> **Instructions for the task**
Take the entries below and give them back exactly. Leave out nothing.

> **Provided information**
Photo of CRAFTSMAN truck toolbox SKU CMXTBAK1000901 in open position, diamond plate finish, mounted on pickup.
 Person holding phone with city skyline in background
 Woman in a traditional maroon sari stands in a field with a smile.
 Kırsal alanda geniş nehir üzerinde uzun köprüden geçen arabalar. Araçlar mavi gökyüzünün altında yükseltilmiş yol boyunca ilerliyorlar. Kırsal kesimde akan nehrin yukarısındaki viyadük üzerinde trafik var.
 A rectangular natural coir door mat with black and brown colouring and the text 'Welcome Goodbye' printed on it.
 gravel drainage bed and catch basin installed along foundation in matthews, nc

> **Finished exercise**
Photo of CRAFTSMAN truck toolbox SKU CMXTBAK1000901 in open position, diamond plate finish, mounted on pickup.
 Person holding phone with city skyline in background
 Woman in a traditional maroon sari stands in a field with a smile.
 Kırsal alanda geniş nehir üzerinde uzun köprüden geçen arabalar. Araçlar mavi gökyüzünün altında yükseltilmiş yol boyunca ilerliyorlar. Kırsal kesimde akan nehrin yukarısındaki viyadük üzerinde trafik var.
 A rectangular natural coir door mat with black and brown colouring and the text 'Welcome Goodbye' printed on it.
 gravel drainage bed and catch basin installed along foundation in matthews, nc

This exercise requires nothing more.